Angelico also defended time spent with API in particular, noting that the industry group is recognized as a "consensus standards body" under the National Technology Transfer and Advancement Act, which instructs agencies to "use standards developed or adopted by voluntary consensus standards bodies rather than government-unique standards, except where inconsistent with applicable law or otherwise impractical."

Reid Porter, a spokesman for API, said interaction with regulators is regular business practice for the group.

"API has historically and continues to regularly engage with officials at all levels of the government, local and federal on public policies and industry best practices and standards that will strengthen our country, and benefit all American workers, consumers, and the environment," he said in an email.

A spokeswoman for Chevron said dialogue with regulators was key to regulations that are clear and technically correct, and that can be effectively administered.
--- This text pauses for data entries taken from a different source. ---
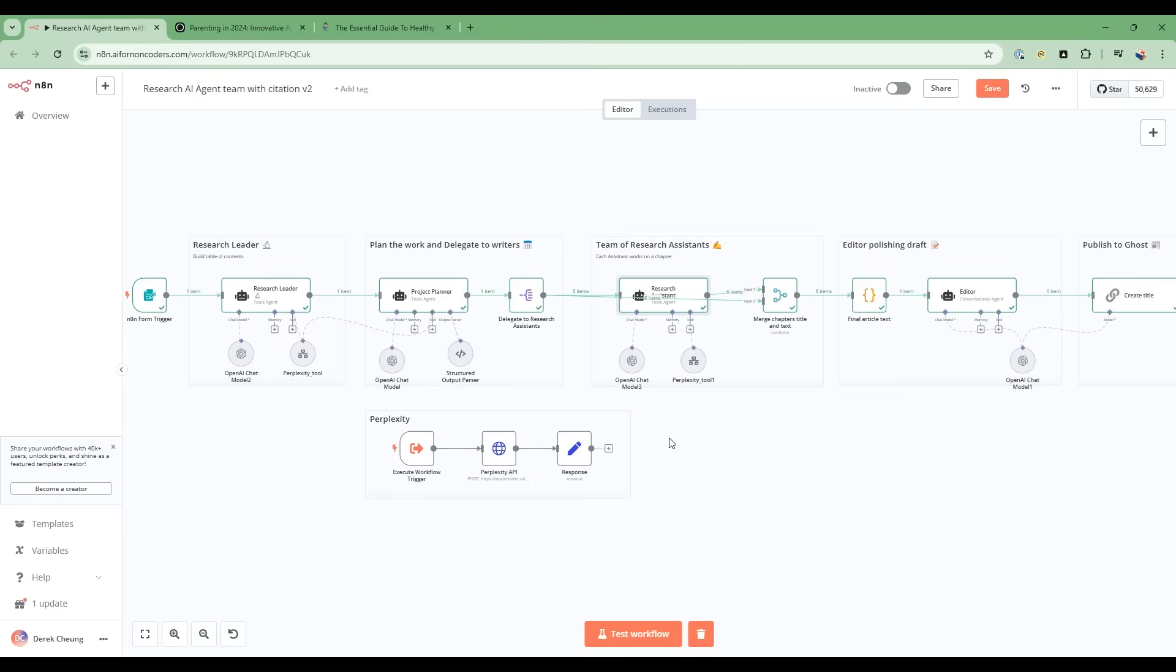But overall, this is a very powerful workflow. And it's not too complex, just breaking down the work, but very, very effective.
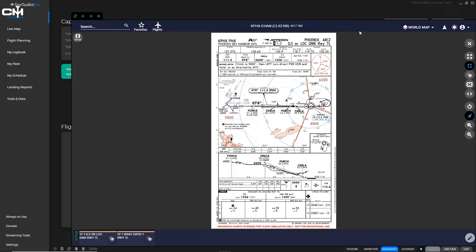I want to stress that I am no master of approach charts. The information I'm about to give you comes straight from the FAA's chart user's guide, covering terminal procedure publications (TPPs), which includes approach charts. I'm no master of this by any means, but I do know a little bit about approach charts and I'm going to do the best I can to give you as much information as possible. This tutorial covers approach charts only — VFR charts and others will be in different tutorials. Let's dive into the first part: the margin identification information.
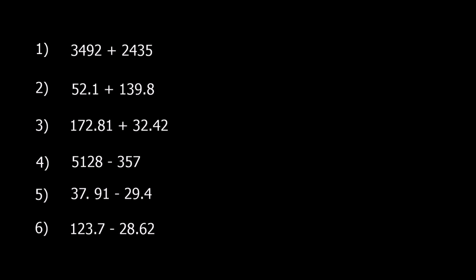Okay, here's a set of questions that you can have a go at. Pause the video, try them, and then the answers come up at the end. Here are the answers.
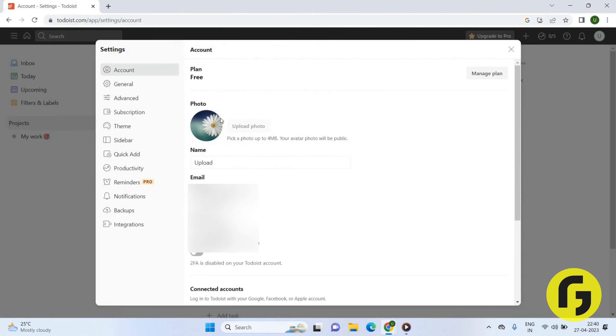Now you can see your photo has been uploaded here. Also, if you want to remove the photo, then you just can click on the remove photo option.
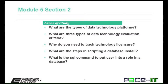The Section 2, Module 5 areas of study would lead us to answer the following questions: What are the different types of data technology platforms? What are three types of data technology evaluation criteria? Why do you need to track data technology licensure? What are the steps in scripting a database install? And what is the SQL command to put a user into a role in the database?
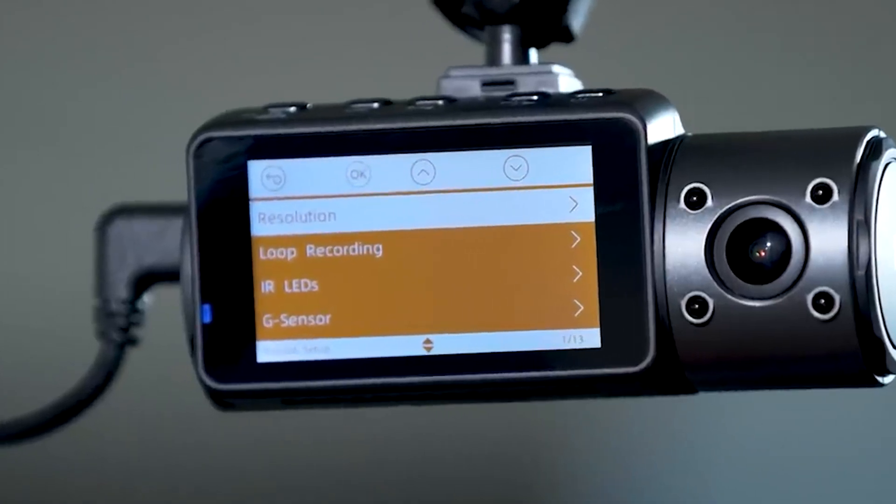While event detection features on dashcams can be beneficial for capturing noteworthy moments, it's important to be cautious with their usage. Constant triggering of event detection for minor movements or vibrations while driving can lead to excessive file writing and increase the chances of video corruption. So evaluate your specific needs and adjust your event detection settings accordingly to avoid unnecessary strain on the memory card.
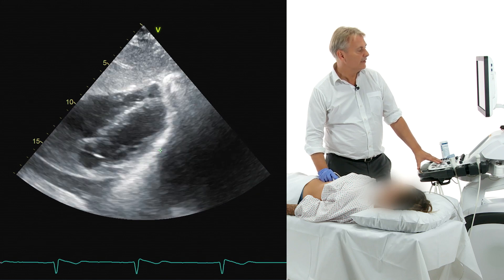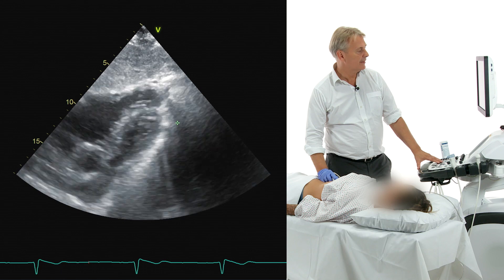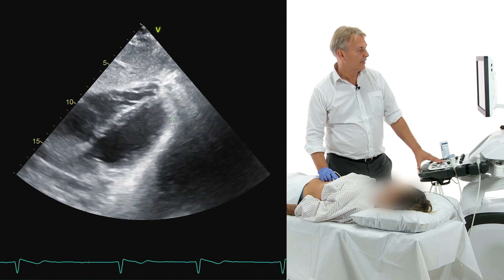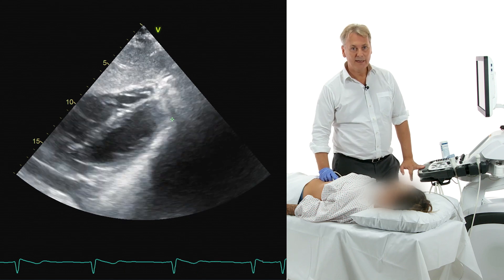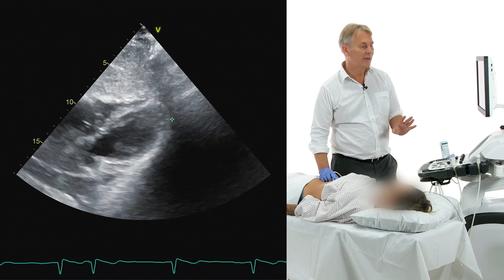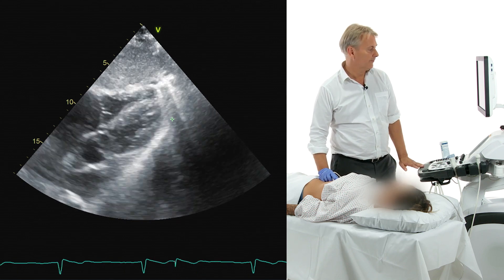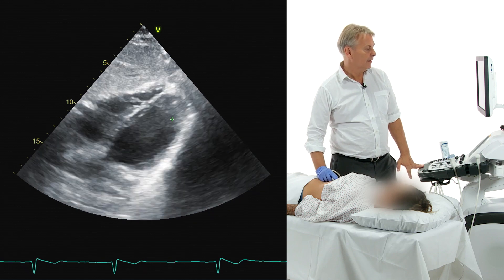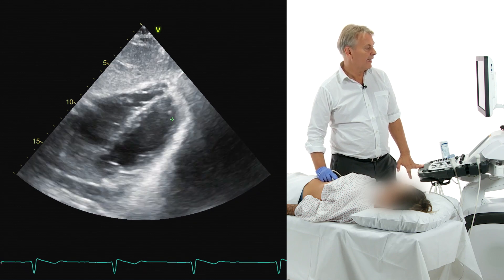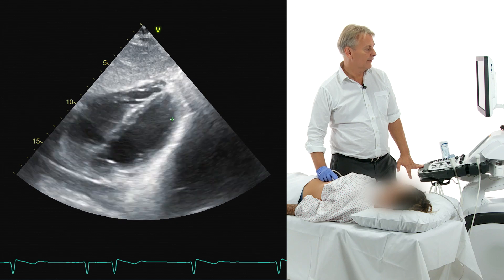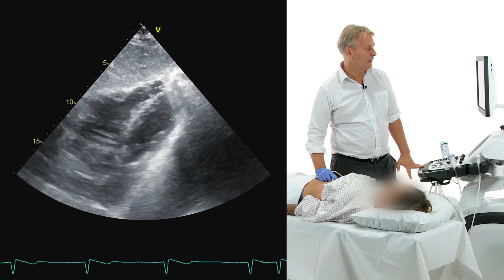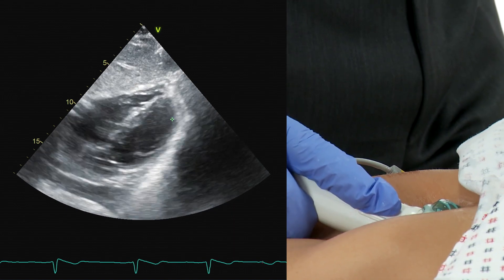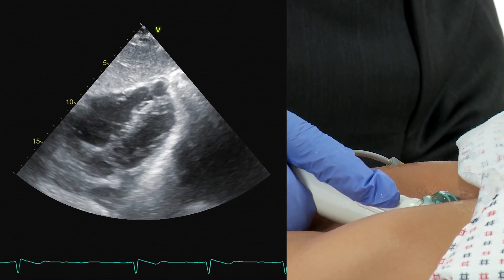Very frequently you cannot see the apical structures because of gas, so the subcostal view is usually not ideal to image the apical structures. But you can use variants of the four chamber view by rotating and tilting the transducer. Thereby you can display a kind of five chamber view, where you would have the aortic valve.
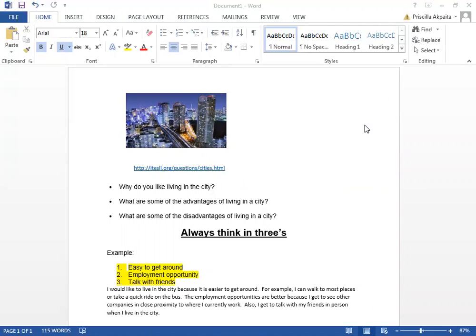These three questions are taken from the link that is listed. I'm going to talk about the first question. Why do you like living in the city? This may be a question that the IELTS examiner might ask of an examinee.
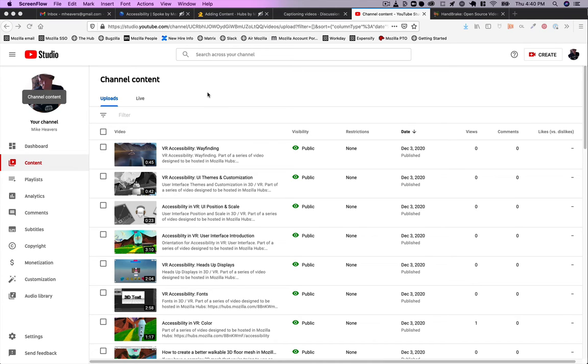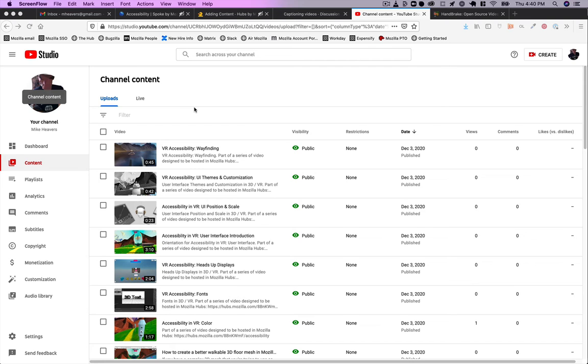I wanted to show my workflow for baking in captions or subtitles into videos. There are various ways to do this. The reason to do it is for accessibility for people who can't hear the audio track in your files and for video players that don't have closed captioning.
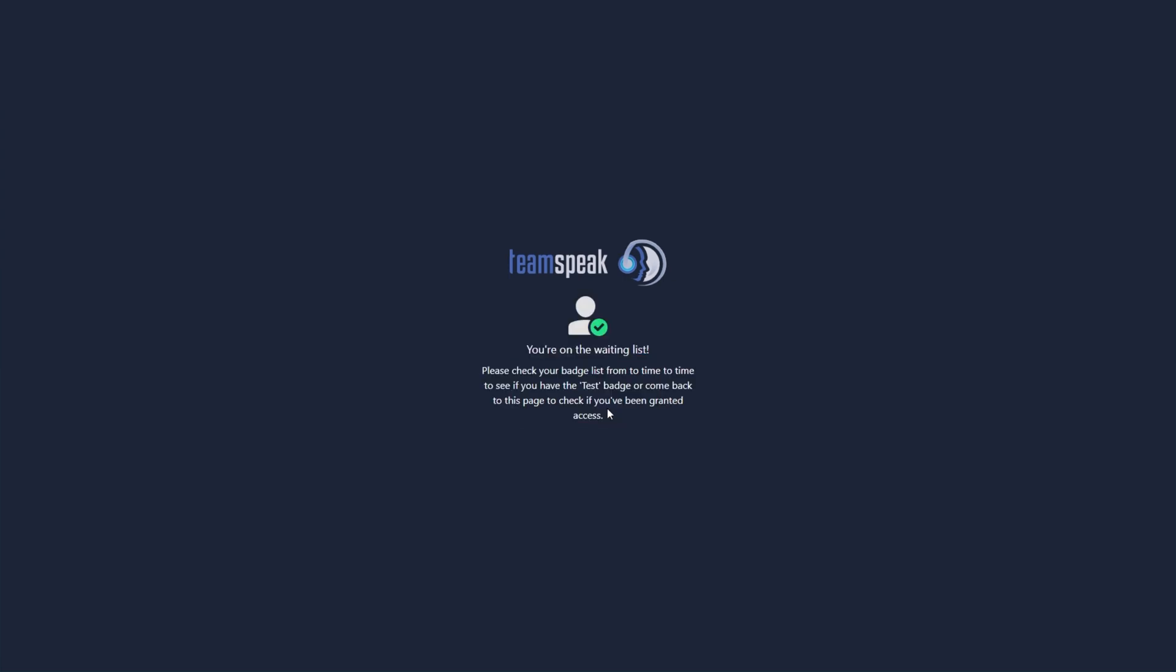So upon clicking this, it now says that you're on the waiting list. Please check your badge list from time to time to check to see if you have the test badge or come back to this page and check if you've been granted access.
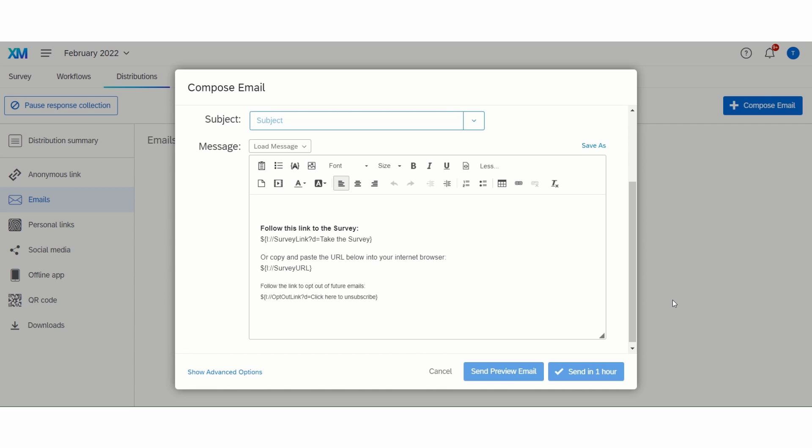Once you have sent your email out, you have a few details that you can look at for more information. Once you have sent it, you have the option to download history. That will give you an Excel spreadsheet with start or completion dates for each respondent.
"Over the past decade, industry has worked to raise the bar on its own safety and environmental performance," said Veronica Flores-Paniagua in an email. "Working with governments at the local, state and federal level is an integral part of this process."

The government ethics group American Oversight argued that Angelle’s relationship to oil and gas is partially expected, but that the regulator fails to offer equal access to watchdogs or conservation groups that may want stricter environmental and safety standards.

"The way people spend their time reveals their priorities," Austin Evers, executive director of American Oversight, said in an email. "Scott Angelle clearly cares the most, even exclusively, about catering to the businesses he’s supposed to be regulating."

American Oversight, which obtained Angelle’s schedule via a public records request, is a left-leaning organization formed by activist lawyers after Trump’s inauguration.

A ‘business opportunity’

Angelle is the fourth person to hold the job since BSEE was created in 2011 following the Deepwater Horizon explosion.

In earlier years, he was a landman, the highly competitive job of securing drilling locations for oil and gas companies. He was also Louisiana’s secretary of natural resources from 2005 to 2012, before working on the state’s Public Service Commission. He made a failed bid for Louisiana governor in 2015, according to a Times-Picayune story at the time.

Angelle came under public scrutiny late last year when the host of "Last Week Tonight with John Oliver" caught wind of Angelle’s openness to oil and gas companies.

Angelle had urged an audience of industry representatives in 2017 to take advantage of the "business opportunity" of engaging with the administration by calling or texting his cellphone, which he then displayed.

Oliver broadcast the phone number on his show and burned the regulator for inviting backdoor conversations.

"The incredible moment is when he makes it painfully clear exactly how accessible he — the man in charge of enforcing safety, remember — is willing to be to industry leaders," Oliver said.

Following the comedy show’s airing, Oliver fans flooded Angelle’s phone with text messages ranging from the lewd to the comic, according to an E&E public records request of Angelle’s phone calls and texts.

One person subscribed Angelle to Cat Facts — a services that sends details such as "Cats can be right-pawed or left-pawed."

In other texts, Angelle was called names or urged to be a stricter regulator of industry.

BSEE did not comment on the texts at the time, but spokeswoman Tiffany Gray defended her boss’s ties to oil and gas.

"The fact that Director Angelle deeply understands the industry we regulate is a good thing," she said. "He is not the first Interior Department official to have experience in the industry he oversees — senior Obama administration leadership did, as well — and he is extremely qualified to lead this organization."